Parce que nous entendons agir en matière de prévention, nous avons lancé une réflexion sur les mille premiers jours de la vie de l'enfant et installé à cette fin une commission interdisciplinaire d'experts présidée par M. Boris Cyrulnik. Le concept des « mille premiers jours », qui existe depuis une trentaine d'années, a progressé avec le développement des neurosciences. Nous visons à définir les modalités d'accompagnement des futurs parents dès la phase prénatale, sinon pré-conceptionnelle, et jusqu'au deuxième anniversaire de l'enfant. On sait en effet que 80 % de la vie future, en matière de santé et de développement cognitif se joue pendant la période préscolaire ; c'est aussi le moment où se forgent les inégalités sociales.
Beaucoup de nos concitoyens nous disent la difficulté d'être parent ; la déstabilisation du couple qu'entraîne l'arrivée d'un enfant, quoique taboue, est bien réelle et la dépression post-partum est peu évoquée. On estime à 40 % la proportion de violences conjugales apparues pendant la grossesse. Le stress qui en résulte pour la femme enceinte a de graves conséquences : un plus grand risque de dépression post-partum pour elle et un impact sur les capacités cognitives de l'enfant.
Les difficultés liées à l'arrivée d'un enfant dans un couple traversant toutes les couches de la population, une approche universaliste est nécessaire. Mais une attention singulière doit être portée, dans la politique « des mille jours », aux vulnérabilités particulières que sont les violences, la prématurité, la naissance d'un enfant handicapé et la parentalité de personnes handicapées. Toutes les mesures prises en faveur d'une éducation bienveillante convergent : ainsi, je ne doute pas que le vote par le Parlement de la loi relative à l'interdiction des violences éducatives ordinaires aura un impact sur la manière dont les parents se comportent à l'égard de leurs enfants, sur le harcèlement scolaire et, plus généralement encore, sur les relations entre les êtres.

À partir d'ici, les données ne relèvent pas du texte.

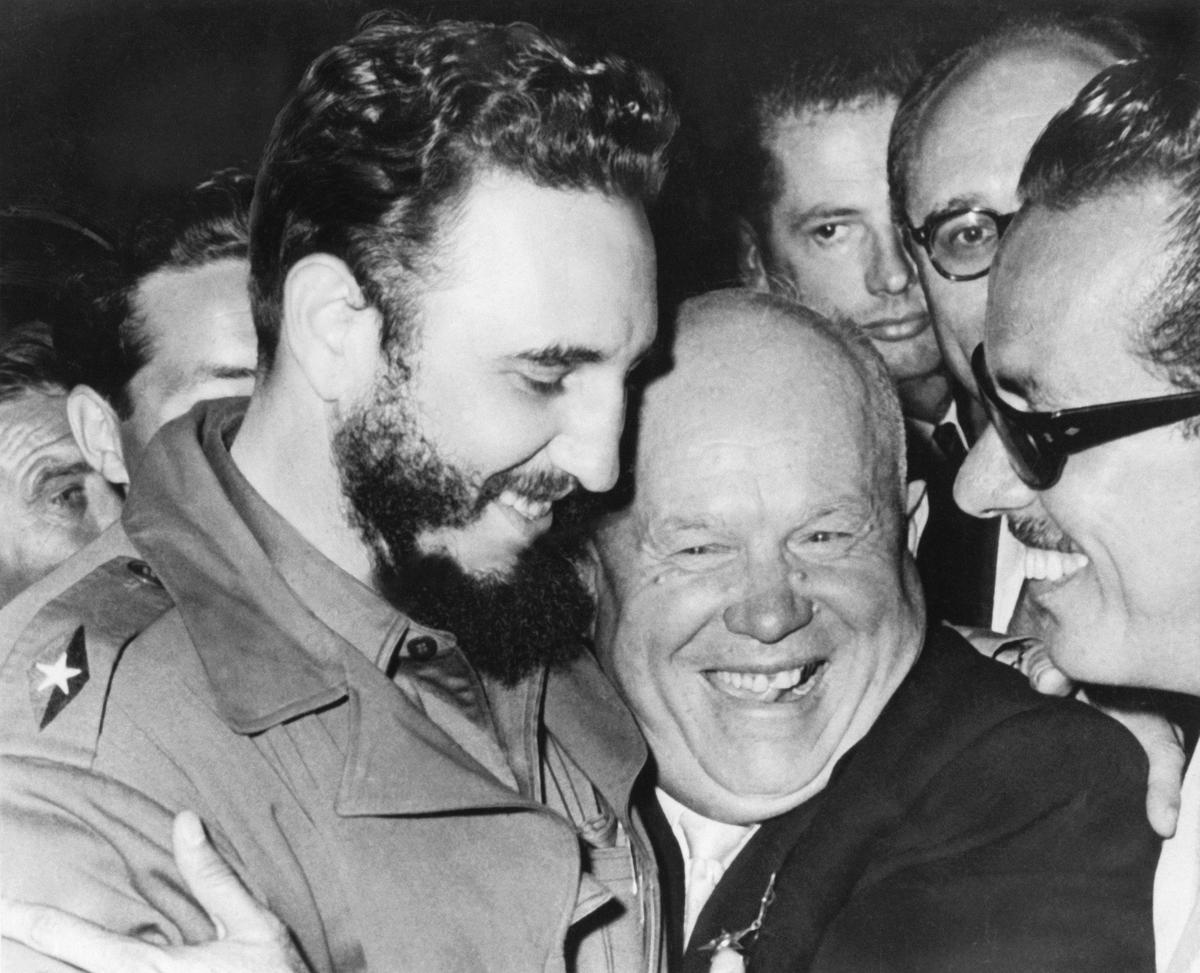 Премьер-министр Кубы Фидель Кастро и первый секретарь ЦК КПСС Никита Хрущев во время встречи В ООН, Нью-Йорк, 1960 год. Фото: Underwood Archives / Getty Images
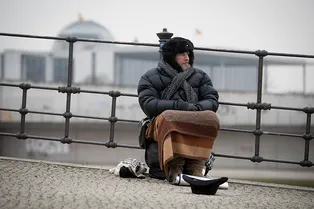 Бездомный вернул пропавший кошелек бабушке — и получил невероятный подарок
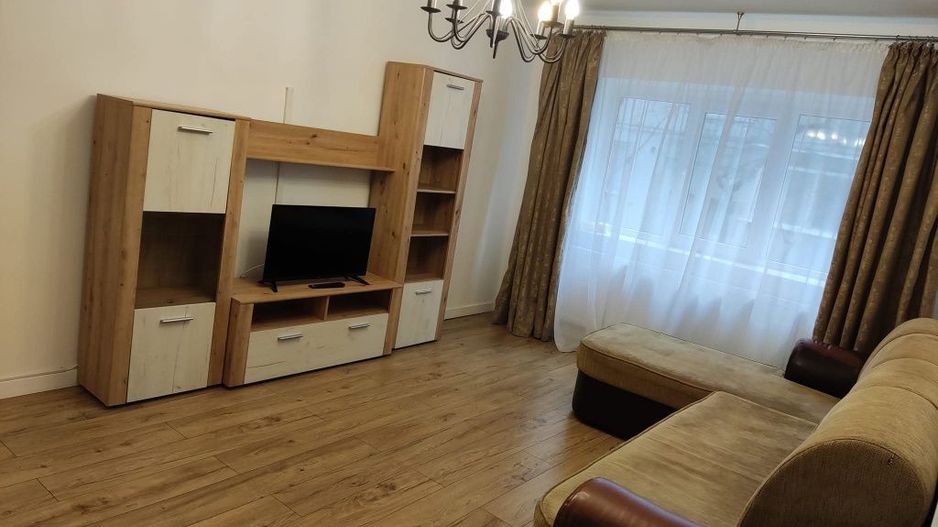 Închiriez apartament  3 camere  cu centrala proprie - Poză 2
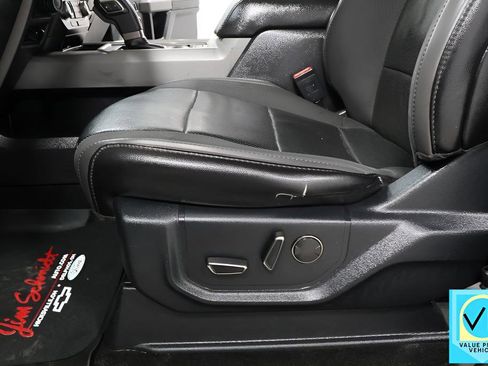 Used 2019 Ford F150 Raptor w/ Equipment Group 802A Luxury image 21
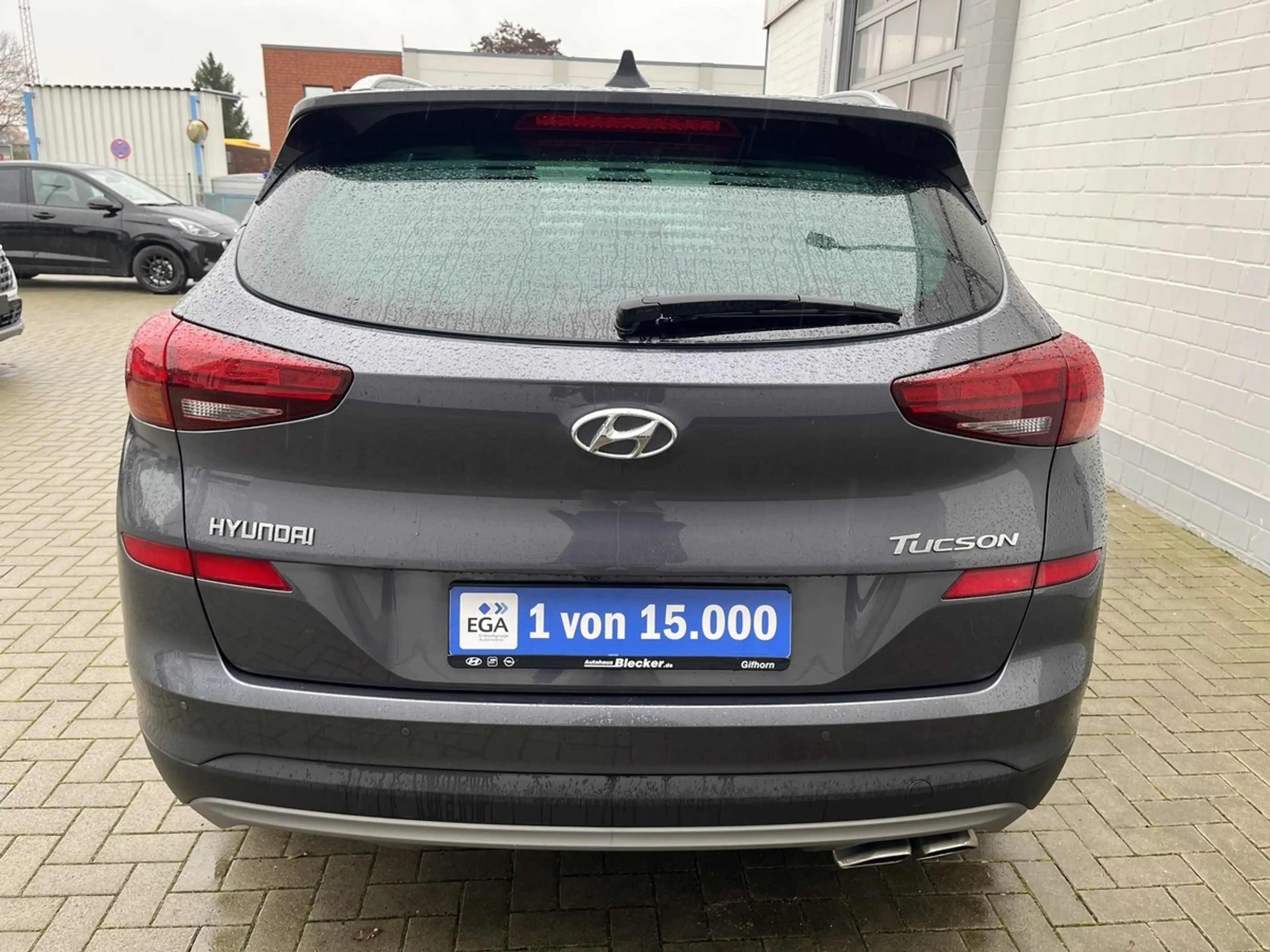 Hyundai TUCSON 1.6 TREND AUTOM*KLIMA*SHZG*NAVI*BTH*ALU*PDC*R-CAM — photo 13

La politique « des mille jours » ne vise pas à dire aux parents ce qu'est être un bon parent mais à les aider en leur donnant des repères validés scientifiquement. De grands efforts pédagogiques sont toujours nécessaires pour faire comprendre les effets de certains comportements. Je l'ai encore constaté lors d'une table ronde organisée à l'hôpital Necker, à Paris, sur le syndrome des bébés secoués : en dépit de campagnes de communication répétées, nombreux sont les parents qui ne sont toujours pas conscients des conséquences de ce geste. De même, bien des parents n'ont pas conscience de l'effet délétère pour leur développement cognitif de l'exposition des jeunes enfants aux « écrans nounous ». Le projet « des mille jours » sera aussi l'occasion d'informer les parents sur l'impact des violences intrafamiliales, des insultes et du stress que ces comportements provoquent chez les jeunes enfants. Cette pédagogie contribuera à réduire les violences que peuvent subir les enfants dans le cadre du foyer.
Avant même d'envisager un suivi médical au long de la vie, il faut s'interroger sur la prise en charge du traumatisme immédiat, et nous avons encore des efforts à faire sur ce plan. Il faut interrompre le cycle qui fait que celui qui a subi des violences en fera subir à d'autres ou en subira toute sa vie, avec le coût terrible que j'ai rappelé en termes de santé publique. Dix unités de prise en charge du psychotrauma ont déjà été ouvertes sur le territoire national. Elles peuvent accueillir des enfants atteints de traumatismes aigus ; le plan à venir de lutte contre les violences faites aux enfants sera le cadre permettant de poursuivre ce maillage territorial. Par ailleurs, des permanences de soin du psychotrauma destinées aux enfants victimes de violences sont expérimentées à Nantes et à Paris ; elles sont en phase d'évaluation pour estimer s'il convient de multiplier ces structures au niveau national et de quelle manière. Enfin, je rappelle qu'une couverture santé complémentaire permet, pour 95 % de la population, la prise en charge des frais de soins à la suite de violences intrafamiliales.
La présidente a rappelé les mesures annoncées en matière d'autorité parentale en cas d'uxoricide : le juge pourra, dès la mise en examen, suspendre l'exercice de l'autorité parentale de l'auteur du crime. Dans un autre domaine, le groupe de travail ad hoc a préconisé de décharger les enfants de l'obligation alimentaire envers le parent condamné pour homicide volontaire sur l'autre parent. Le juge des enfants sera systématiquement saisi en cas de féminicide pour apprécier comment protéger l'enfant, à qui il doit être confié et s'il est possible de le remettre à la garde de sa famille élargie. Nous étudions aussi la généralisation du protocole « féminicides » mis en place à Saint-Denis pour bien articuler protection de l'enfance et soins et assurer une prise en charge sociale, psychologique et somatique.